Now we have a TCM matrix and can factorize it via the GloVe algorithm.

text2vec uses a parallel stochastic gradient descent algorithm. By default it will use all cores on your machine, but you can specify the number of cores if you wish. For example, to use 4 threads call `RcppParallel::setThreadOptions(numThreads = 4)`

.

Let’s fit our model. (It can take several minutes to fit!)

```
glove = GlobalVectors$new(word_vectors_size = 50, vocabulary = vocab, x_max = 10)
glove$fit(tcm, n_iter = 20)
# 2016-10-03 10:09:14 - epoch 1, expected cost 0.0893
# 2016-10-03 10:09:17 - epoch 2, expected cost 0.0608
# 2016-10-03 10:09:19 - epoch 3, expected cost 0.0537
# 2016-10-03 10:09:22 - epoch 4, expected cost 0.0499
# 2016-10-03 10:09:25 - epoch 5, expected cost 0.0475
# 2016-10-03 10:09:28 - epoch 6, expected cost 0.0457
# 2016-10-03 10:09:30 - epoch 7, expected cost 0.0443
# 2016-10-03 10:09:33 - epoch 8, expected cost 0.0431
# 2016-10-03 10:09:36 - epoch 9, expected cost 0.0423
# 2016-10-03 10:09:39 - epoch 10, expected cost 0.0415
# 2016-10-03 10:09:42 - epoch 11, expected cost 0.0408
# 2016-10-03 10:09:44 - epoch 12, expected cost 0.0403
# 2016-10-03 10:09:47 - epoch 13, expected cost 0.0400
# 2016-10-03 10:09:50 - epoch 14, expected cost 0.0395
# 2016-10-03 10:09:53 - epoch 15, expected cost 0.0391
# 2016-10-03 10:09:56 - epoch 16, expected cost 0.0388
# 2016-10-03 10:09:59 - epoch 17, expected cost 0.0385
# 2016-10-03 10:10:02 - epoch 18, expected cost 0.0383
# 2016-10-03 10:10:05 - epoch 19, expected cost 0.0380
# 2016-10-03 10:10:08 - epoch 20, expected cost 0.0378
```

Alternatively we can train model with R’s `S3`

interface (but keep in mind that all text2vec models are R6 classes and they are mutable!
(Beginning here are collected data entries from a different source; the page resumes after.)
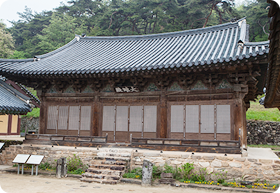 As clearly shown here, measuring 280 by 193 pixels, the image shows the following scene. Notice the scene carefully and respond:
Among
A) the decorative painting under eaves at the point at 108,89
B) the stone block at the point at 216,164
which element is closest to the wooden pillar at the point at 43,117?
the decorative painting under eaves at the point at 108,89

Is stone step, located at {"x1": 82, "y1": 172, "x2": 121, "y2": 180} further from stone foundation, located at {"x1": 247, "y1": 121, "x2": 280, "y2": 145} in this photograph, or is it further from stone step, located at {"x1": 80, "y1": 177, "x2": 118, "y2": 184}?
stone foundation, located at {"x1": 247, "y1": 121, "x2": 280, "y2": 145}

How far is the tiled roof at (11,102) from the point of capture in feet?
45.5


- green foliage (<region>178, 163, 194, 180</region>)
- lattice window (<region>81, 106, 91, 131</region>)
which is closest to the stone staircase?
green foliage (<region>178, 163, 194, 180</region>)

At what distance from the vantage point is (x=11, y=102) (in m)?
14.8

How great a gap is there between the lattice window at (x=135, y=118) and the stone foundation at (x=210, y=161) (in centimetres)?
204

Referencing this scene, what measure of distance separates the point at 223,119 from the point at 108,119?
238 inches

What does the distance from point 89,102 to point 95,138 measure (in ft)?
8.60

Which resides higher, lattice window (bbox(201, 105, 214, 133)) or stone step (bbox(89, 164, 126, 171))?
lattice window (bbox(201, 105, 214, 133))

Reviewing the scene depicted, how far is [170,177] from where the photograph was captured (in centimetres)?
930

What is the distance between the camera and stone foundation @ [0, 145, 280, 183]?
872 cm

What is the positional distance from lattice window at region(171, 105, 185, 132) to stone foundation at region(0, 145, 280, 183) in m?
2.00

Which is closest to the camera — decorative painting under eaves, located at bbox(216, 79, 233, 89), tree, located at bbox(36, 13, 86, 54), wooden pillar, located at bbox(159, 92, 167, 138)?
decorative painting under eaves, located at bbox(216, 79, 233, 89)

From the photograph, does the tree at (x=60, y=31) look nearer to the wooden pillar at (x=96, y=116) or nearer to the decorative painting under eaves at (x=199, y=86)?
the wooden pillar at (x=96, y=116)

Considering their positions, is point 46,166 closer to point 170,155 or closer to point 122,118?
point 122,118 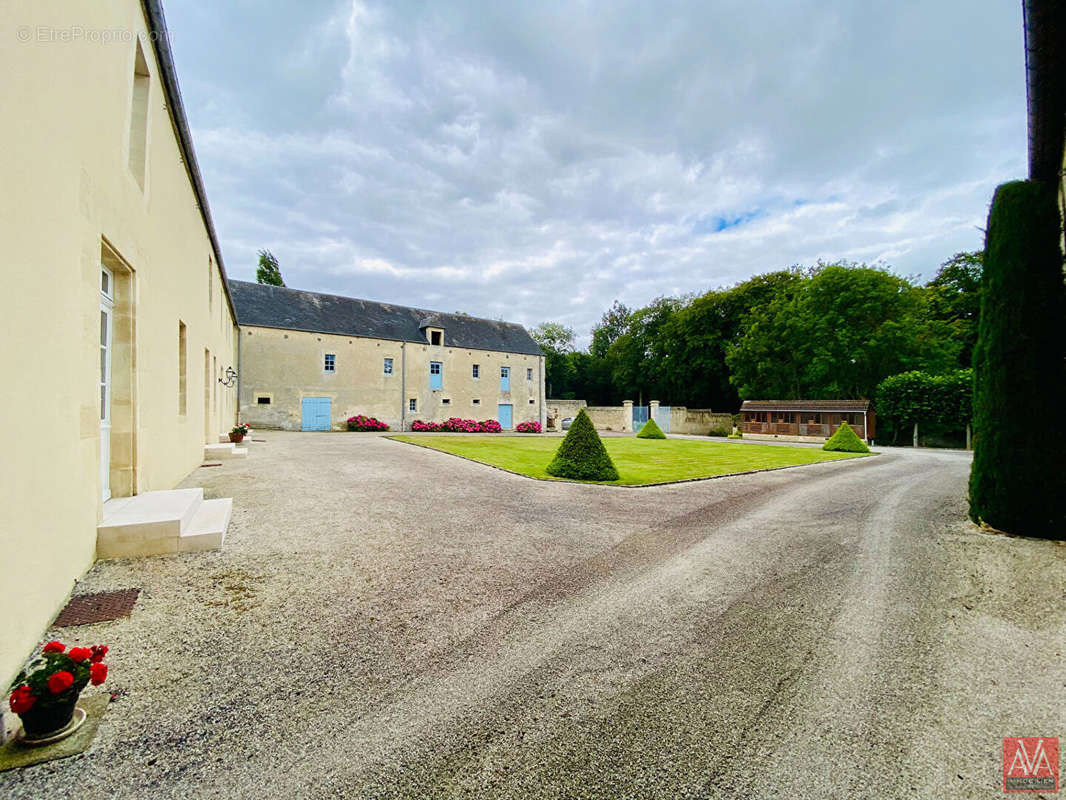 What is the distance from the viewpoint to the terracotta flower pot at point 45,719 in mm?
1997

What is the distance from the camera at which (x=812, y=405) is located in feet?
96.7

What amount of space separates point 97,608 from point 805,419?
33.7m

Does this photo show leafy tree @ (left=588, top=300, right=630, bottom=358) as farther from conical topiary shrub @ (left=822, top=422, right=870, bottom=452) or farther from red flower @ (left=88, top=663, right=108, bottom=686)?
red flower @ (left=88, top=663, right=108, bottom=686)

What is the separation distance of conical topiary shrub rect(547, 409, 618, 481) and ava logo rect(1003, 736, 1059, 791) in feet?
25.3

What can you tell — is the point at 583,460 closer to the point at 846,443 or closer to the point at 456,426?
the point at 846,443

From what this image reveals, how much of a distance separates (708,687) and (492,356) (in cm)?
3172

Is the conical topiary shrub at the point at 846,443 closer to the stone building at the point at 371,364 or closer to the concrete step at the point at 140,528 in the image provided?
the stone building at the point at 371,364

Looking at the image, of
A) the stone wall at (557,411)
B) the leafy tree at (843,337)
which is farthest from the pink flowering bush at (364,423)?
the leafy tree at (843,337)

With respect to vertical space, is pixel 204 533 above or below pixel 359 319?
below

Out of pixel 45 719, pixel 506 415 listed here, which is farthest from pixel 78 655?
pixel 506 415

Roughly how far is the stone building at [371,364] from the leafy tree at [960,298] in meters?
27.5

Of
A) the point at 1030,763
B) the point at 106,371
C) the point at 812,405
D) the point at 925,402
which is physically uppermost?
the point at 106,371

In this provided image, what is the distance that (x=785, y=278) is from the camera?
3903 cm

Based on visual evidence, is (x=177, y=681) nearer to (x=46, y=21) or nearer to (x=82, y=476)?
(x=82, y=476) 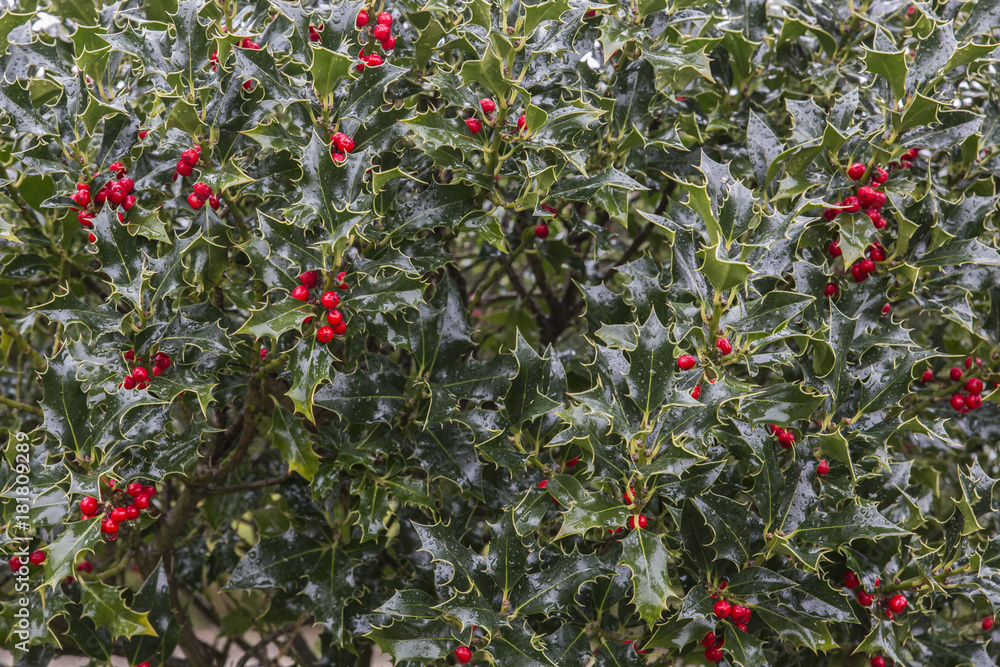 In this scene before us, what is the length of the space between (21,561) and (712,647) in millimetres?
1589

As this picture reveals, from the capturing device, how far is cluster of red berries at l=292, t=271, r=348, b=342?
1.42m

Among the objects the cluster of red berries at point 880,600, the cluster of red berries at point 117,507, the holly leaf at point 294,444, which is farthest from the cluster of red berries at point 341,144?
the cluster of red berries at point 880,600

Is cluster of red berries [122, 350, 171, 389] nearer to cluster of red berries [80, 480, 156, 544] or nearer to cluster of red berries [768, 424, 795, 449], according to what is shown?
cluster of red berries [80, 480, 156, 544]

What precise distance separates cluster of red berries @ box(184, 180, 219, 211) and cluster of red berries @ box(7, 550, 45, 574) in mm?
853

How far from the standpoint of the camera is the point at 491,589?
1587mm

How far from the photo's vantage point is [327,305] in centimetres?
142

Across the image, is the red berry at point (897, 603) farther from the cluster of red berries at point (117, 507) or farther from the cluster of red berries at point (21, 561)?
the cluster of red berries at point (21, 561)

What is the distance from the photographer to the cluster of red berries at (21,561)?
5.46 ft

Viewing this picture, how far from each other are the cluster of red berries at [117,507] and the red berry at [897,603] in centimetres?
165

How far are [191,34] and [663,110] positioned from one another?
1.26 meters

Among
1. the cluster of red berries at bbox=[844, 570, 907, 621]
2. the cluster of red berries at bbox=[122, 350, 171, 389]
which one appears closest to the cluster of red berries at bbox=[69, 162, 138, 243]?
the cluster of red berries at bbox=[122, 350, 171, 389]

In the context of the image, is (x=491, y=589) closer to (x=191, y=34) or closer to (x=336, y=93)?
(x=336, y=93)

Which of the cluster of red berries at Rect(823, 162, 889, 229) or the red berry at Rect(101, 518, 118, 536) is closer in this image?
the red berry at Rect(101, 518, 118, 536)

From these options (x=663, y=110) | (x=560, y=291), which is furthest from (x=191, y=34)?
(x=560, y=291) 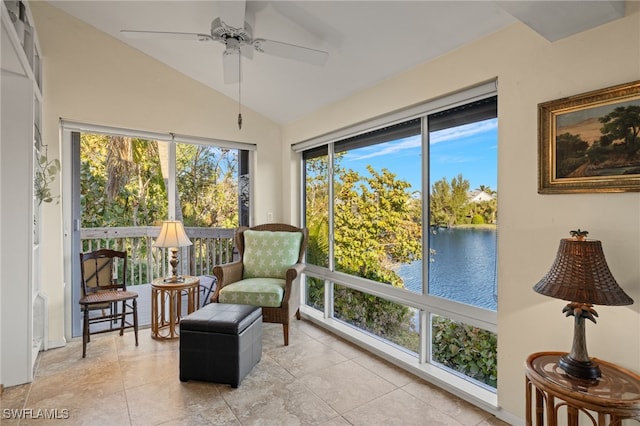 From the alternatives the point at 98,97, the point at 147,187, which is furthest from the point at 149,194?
the point at 98,97

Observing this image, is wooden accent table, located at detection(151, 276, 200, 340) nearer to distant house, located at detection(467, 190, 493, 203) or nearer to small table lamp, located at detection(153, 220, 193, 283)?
small table lamp, located at detection(153, 220, 193, 283)

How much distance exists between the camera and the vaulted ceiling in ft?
5.35

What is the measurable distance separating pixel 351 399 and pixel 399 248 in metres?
1.24

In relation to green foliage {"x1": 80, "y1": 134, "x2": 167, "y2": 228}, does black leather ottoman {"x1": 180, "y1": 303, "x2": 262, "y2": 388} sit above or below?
below

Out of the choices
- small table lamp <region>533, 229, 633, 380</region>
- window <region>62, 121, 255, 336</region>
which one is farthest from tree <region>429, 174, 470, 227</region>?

So `fit`

, `fit_transform`

methods modify models!):

```
glove = GlobalVectors$new(word_vectors_size = 50, vocabulary = vocab, x_max = 10)
# `glove` object will be modified by `fit()` call !
fit(tcm, glove, n_iter = 20)
```

And now we get the word vectors:

`word_vectors <- glove$get_word_vectors()`

We can find the closest word vectors for our *paris - france + germany* example:

```
berlin <- word_vectors["paris", , drop = FALSE] -
word_vectors["france", , drop = FALSE] +
word_vectors["germany", , drop = FALSE]
cos_sim = sim2(x = word_vectors, y = berlin, method = "cosine", norm = "l2")
head(sort(cos_sim[,1], decreasing = TRUE), 5)
# berlin paris munich leipzig germany
# 0.8015347 0.7623165 0.7013252 0.6616945 0.6540700
```

You can achieve much better results by experimenting with `skip_grams_window`

and the parameters of the `GloVe`

class (including word vectors size and the number of iterations). For more details and large-scale experiments on wikipedia data see this old post on my blog.